What is required
Below are some records. Quote exactly the lines from the one that contains "Gömlek Çizgili Oversize Saten Gömlek" through the last, both included, and leave out the pictures.
(Records for processing begins)
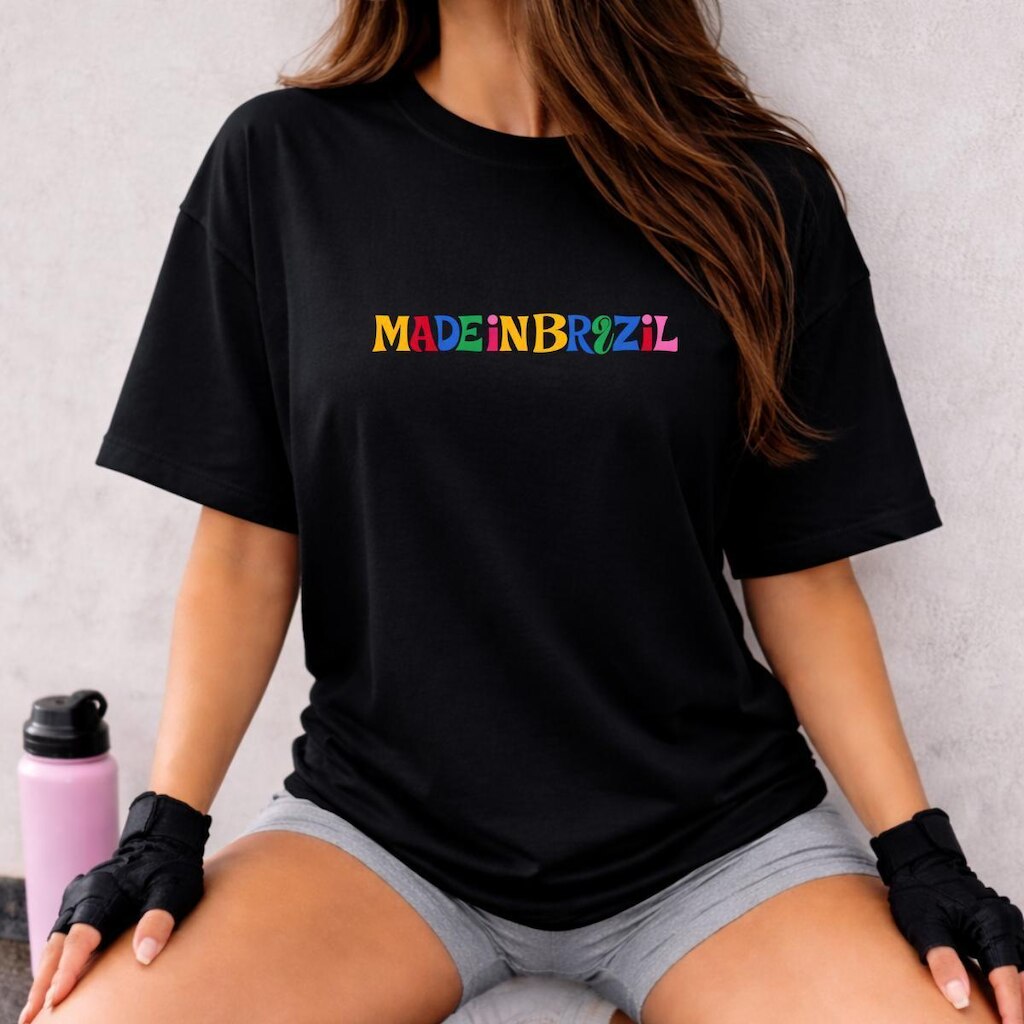 Camiseta Oversized Blusão Brasil Made In Brazil Estilosa 2026 Feminina 100 Algodão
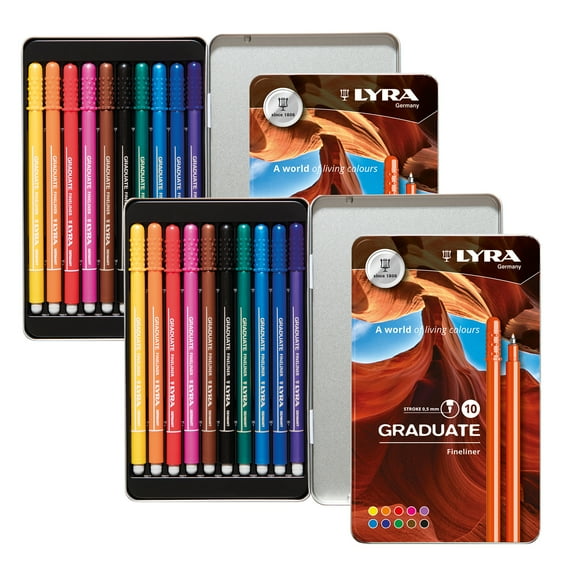 Lyra Graduate Fineliner Marker Set Tin, Assorted Colors, 10 Piece, 2 Pack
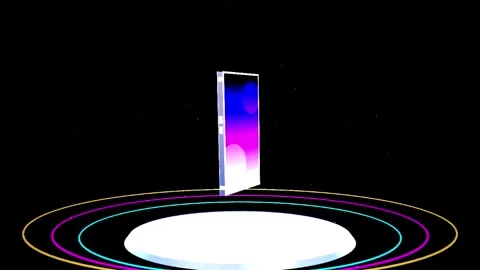 Abstract glowing rectangle rotates on a subtle ring platform against a dark.. Stock Footage 346271110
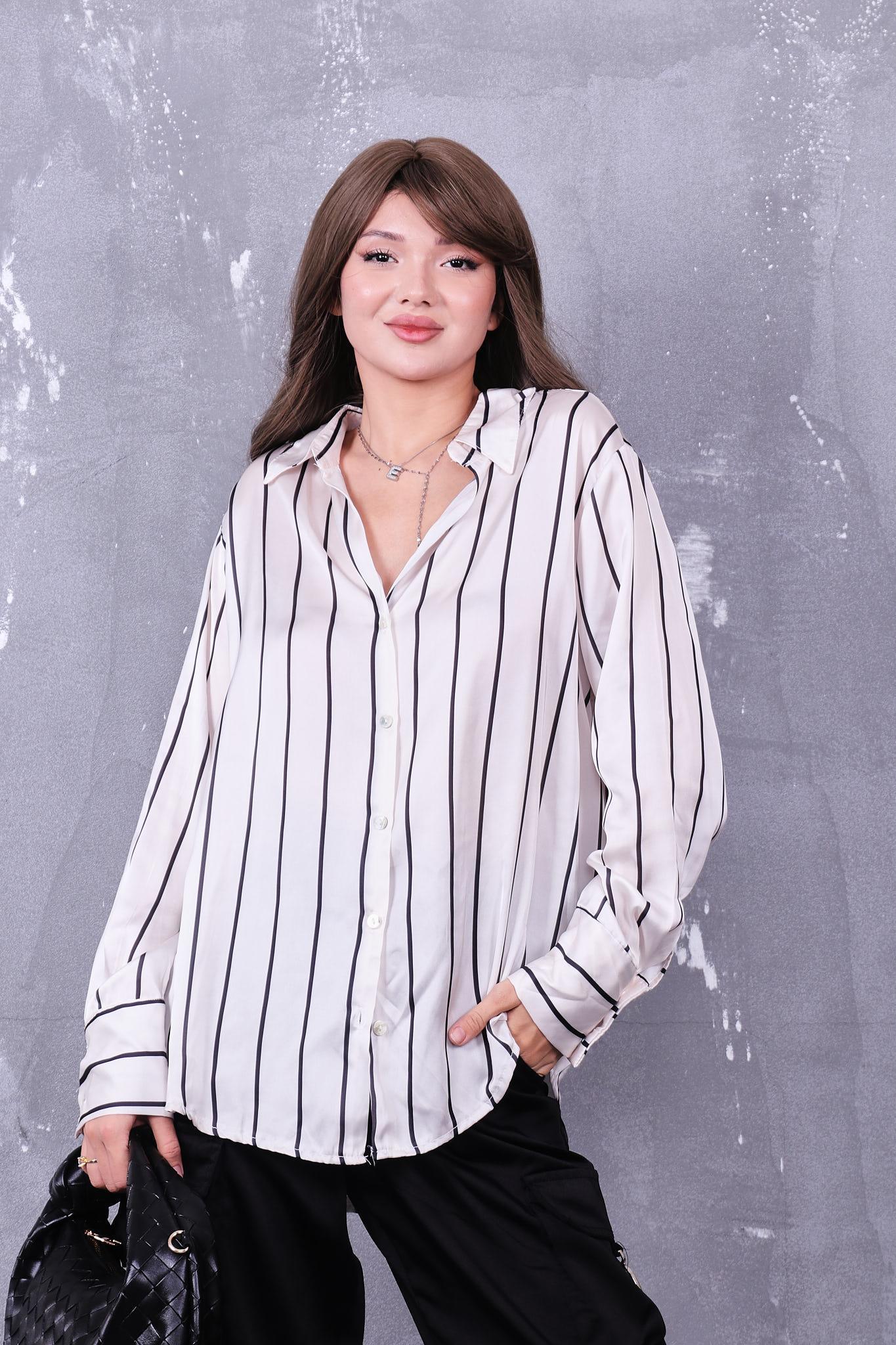 Gömlek Çizgili Oversize Saten Gömlek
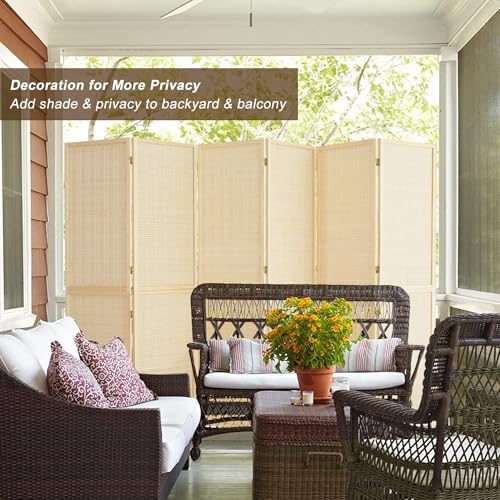 Duraspace 6 Panel Bamboo Room Divider, 5.6ft Tall Folding Privacy Screen for Room Separation and Portable Freestanding Wall Partition, Sturdy Double Hinge Folding Screen DURASPACE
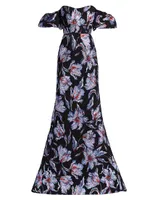 Astaire Off-The-Shoulder Brocade Gown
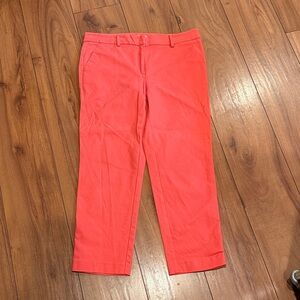LOFT Dark Coral Riviera Slim Slacks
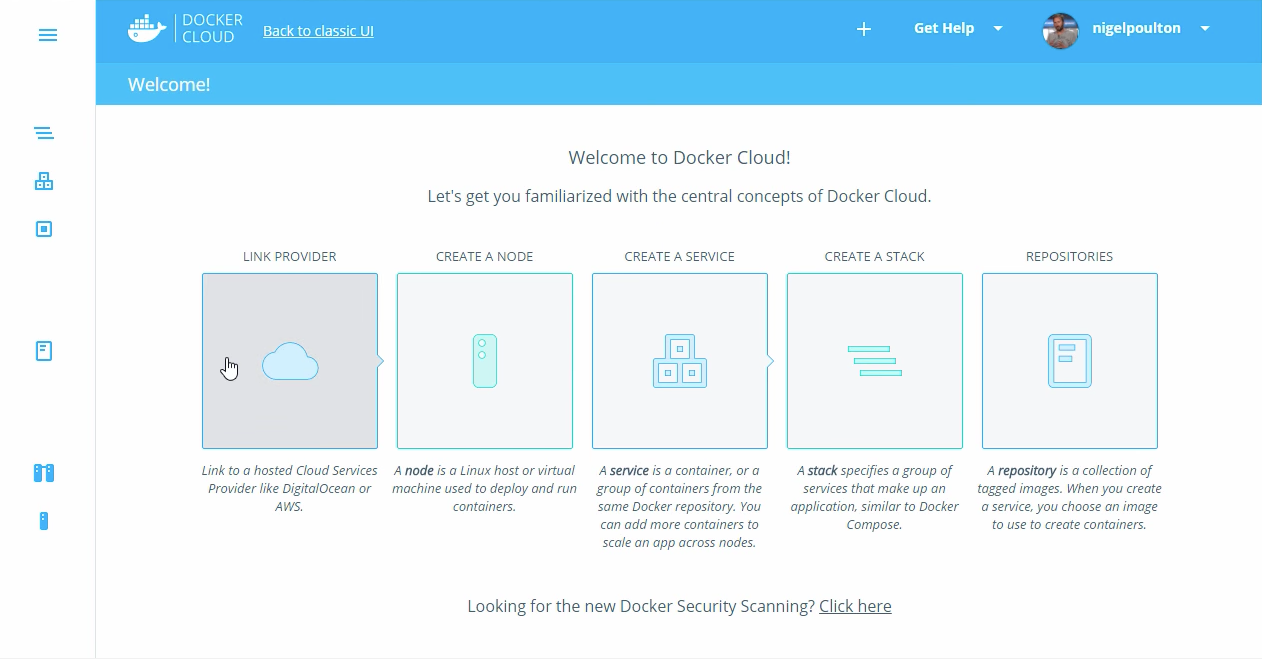 Docker Software - The landing page outlines the major concepts of the application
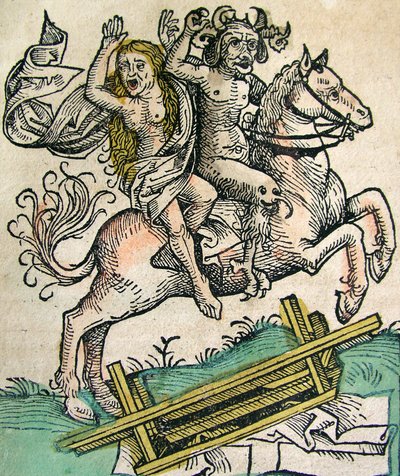 Devil and a Woman on Horseback by German School
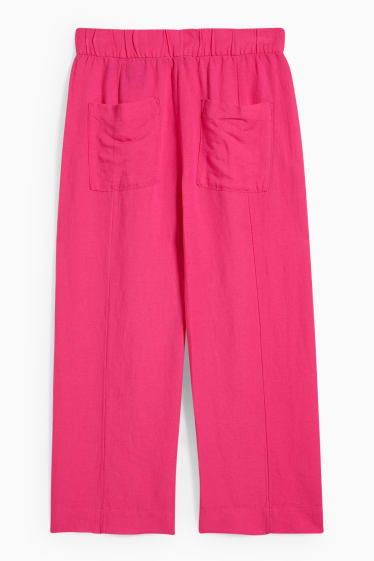 Mujer - Culotte - high waist - wide leg - mezcla de lino - fucsia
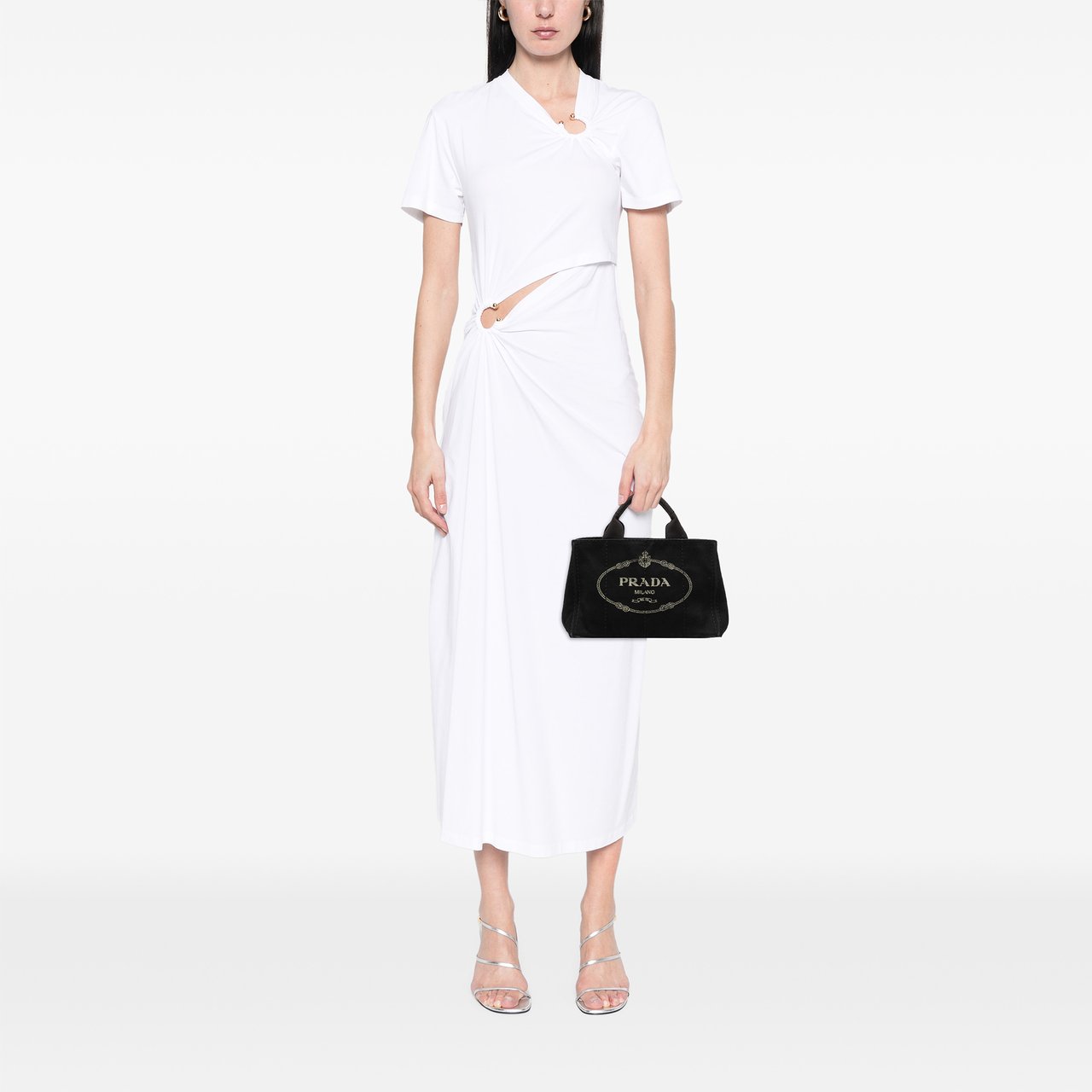 Prada Small Canvas Canapa Logo Satchel Zwart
(Records for processing ends)
Solution to this exercise
 Gömlek Çizgili Oversize Saten Gömlek
 Duraspace 6 Panel Bamboo Room Divider, 5.6ft Tall Folding Privacy Screen for Room Separation and Portable Freestanding Wall Partition, Sturdy Double Hinge Folding Screen DURASPACE
 Astaire Off-The-Shoulder Brocade Gown
LOFT Dark Coral Riviera Slim Slacks
 Docker Software - The landing page outlines the major concepts of the application
 Devil and a Woman on Horseback by German School
 Mujer - Culotte - high waist - wide leg - mezcla de lino - fucsia
 Prada Small Canvas Canapa Logo Satchel Zwart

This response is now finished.